> Records:
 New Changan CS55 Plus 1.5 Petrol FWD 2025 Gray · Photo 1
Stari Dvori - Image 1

* * *

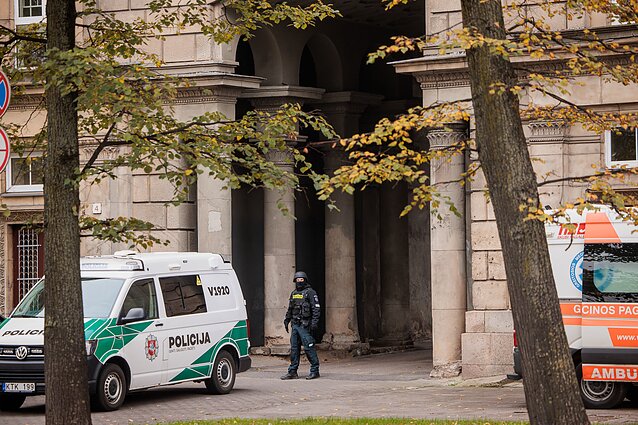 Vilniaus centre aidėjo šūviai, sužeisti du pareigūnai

* * *

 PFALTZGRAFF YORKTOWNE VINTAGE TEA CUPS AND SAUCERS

> Brief: Within the listing above, give again exactly every line from the line with "New Changan CS55" through the line with "Stari Dvori - Image 1", both included, and no other line.

> Solution for this exercise:
 New Changan CS55 Plus 1.5 Petrol FWD 2025 Gray · Photo 1
Stari Dvori - Image 1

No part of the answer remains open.